After almost 17 years in enterprise, San Francisco gallery Altman Siegel will wind down operations subsequent month. Founder Claudia Altman-Siegel particularly cited the present artwork market as the explanation for the gallery’s closure in an announcement launched yesterday, October 15.
“As it has become too difficult for a gallery this size to scale in this climate, I have made the incredibly tough decision to close rather than diminish either the space or the commitment to exhibit conceptually uncompromising work,” Altman-Siegel wrote, noting that the choice to shut the gallery on November 22 was made “with both pride and sadness.”
“[While] the art market can be relentless, the true heart of this project has always been ideas, community, and joy,” she added.
Altman-Siegel established her namesake gallery in 2009 following her relocation to the West Coast from New York. She had beforehand spent a decade working at Luhring Augustine Gallery, the place she steadily climbed the ranks from safety guard to co-director.
Set up view of Simon Denny’s Safety By means of Obscurity (2020) at Altman Siegel, San Francisco (picture by Robert Divers Herrick)

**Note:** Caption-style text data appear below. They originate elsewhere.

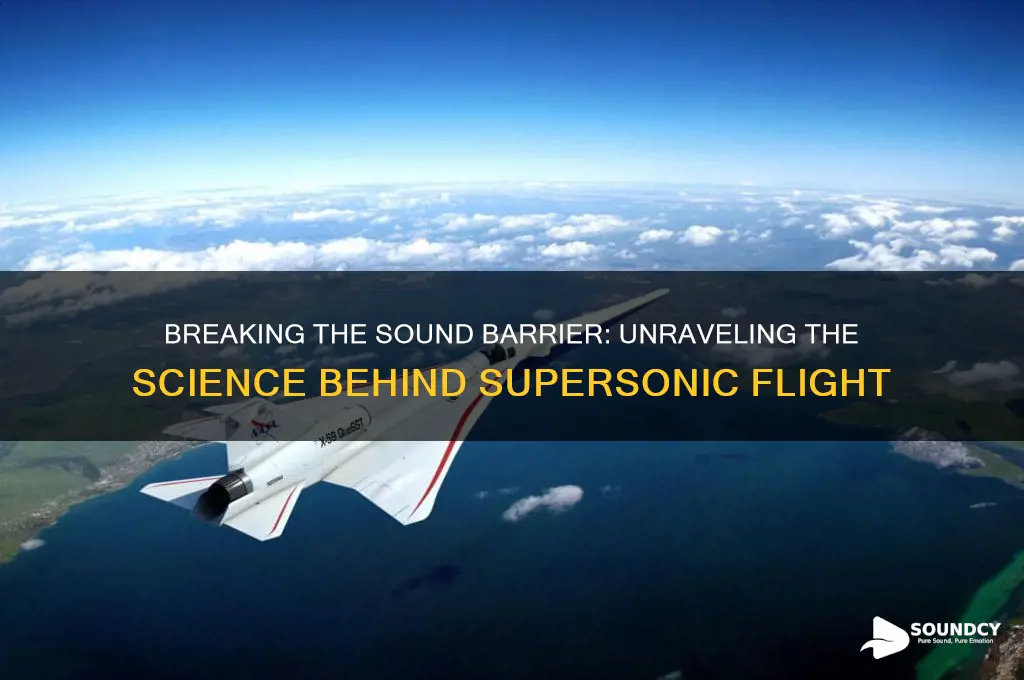 how is sound barrier broken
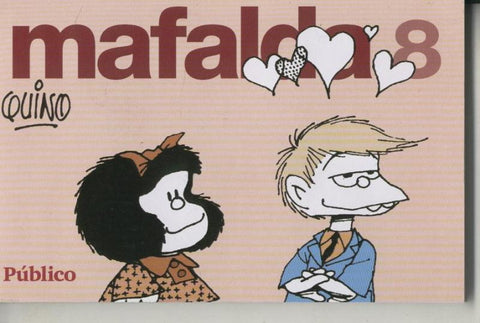 Diario Publico: Mafalda numero 08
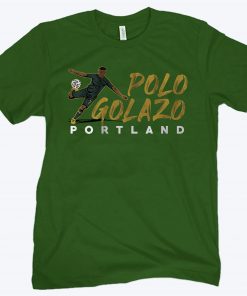 Polo Golazo T-Shirt, Portland - MLSPA Licensed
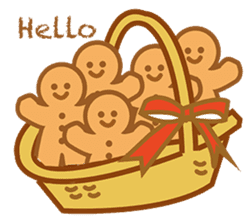 Little Biscuit Man sticker #2092757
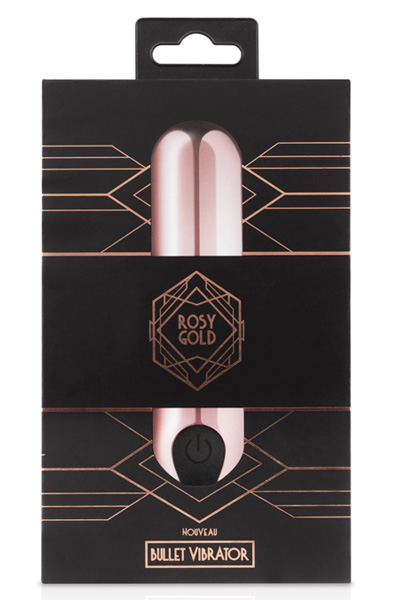 Alternativ bild 1 för Rosy Gold - New Bullet Vibrator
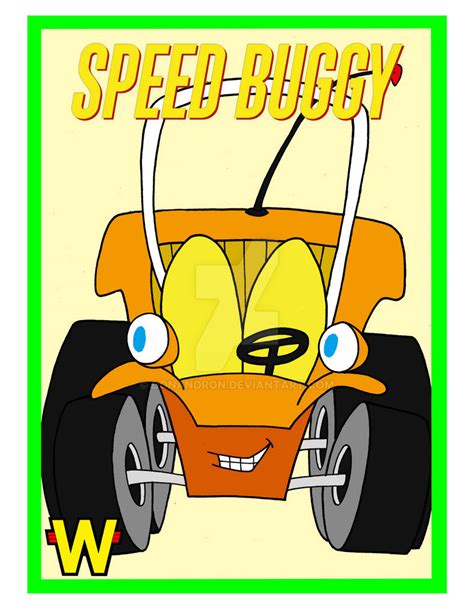 1973 Classic Speed Buggy By Donandron On Deviantart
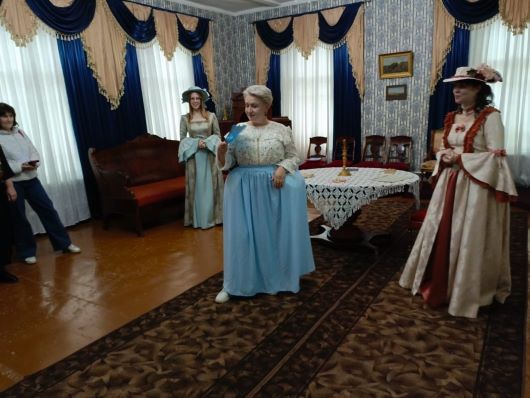 Гости из Пензы посетили музей А.Н. Радищева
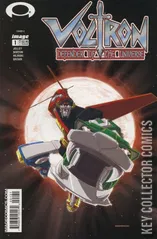 Cover for Voltron: Defender of the Universe #1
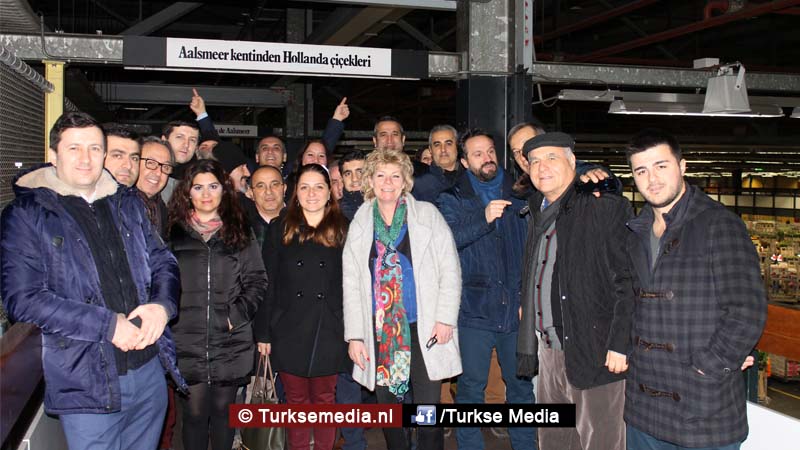 Nederlandse trots FloraHolland erg positief over Turkije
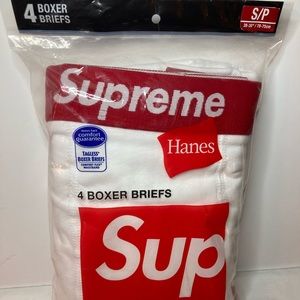 Supreme Boxer Briefs 2 pairs size S/P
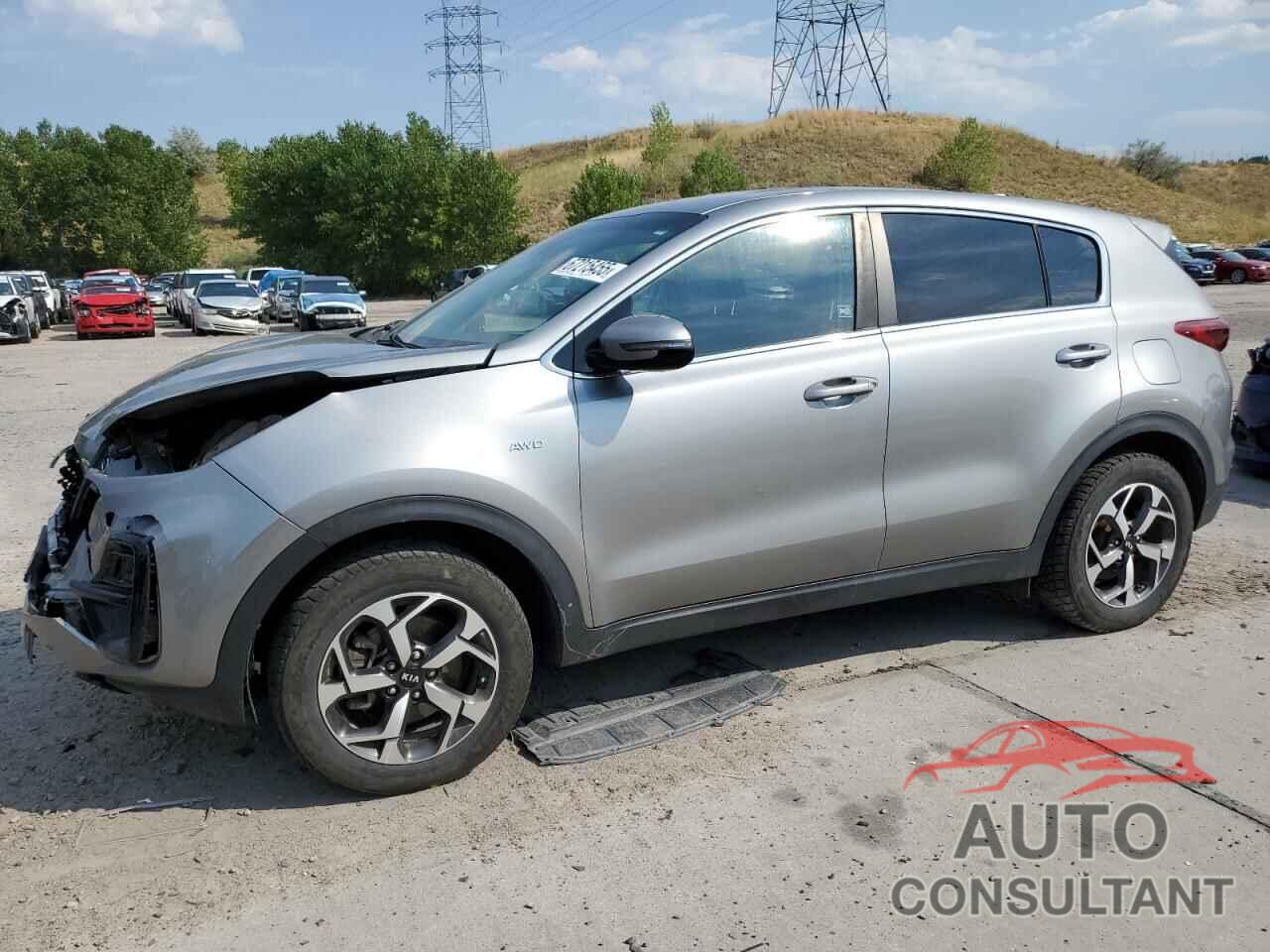 KIA SPORTAGE 2020 - KNDPMCAC5L7734044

In downtown San Francisco, Altman Siegel carved out a status for showcasing work by early- and mid-career artists from the Bay Space and overseas, with a roster of artists together with Shannon Ebner, Lynn Hershman Leeson, Trevor Paglen, Koak, Grant Mooney, and Zarouhie Abdalian. The gallery was identified for its numerous programming that embraced new artwork kinds as a lot as conventional mediums — a attribute that native unbiased curator and author Natasha Boas informed Hyperallergic positioned the gallery “in the middle of the most pressing conversations coming out of the Bay Area.”
“Programs such as Altman-Siegel’s do not exist in our city, and perhaps may no longer exist in the art world writ large which is steeped in the transactional, and will be greatly missed,” Boas stated.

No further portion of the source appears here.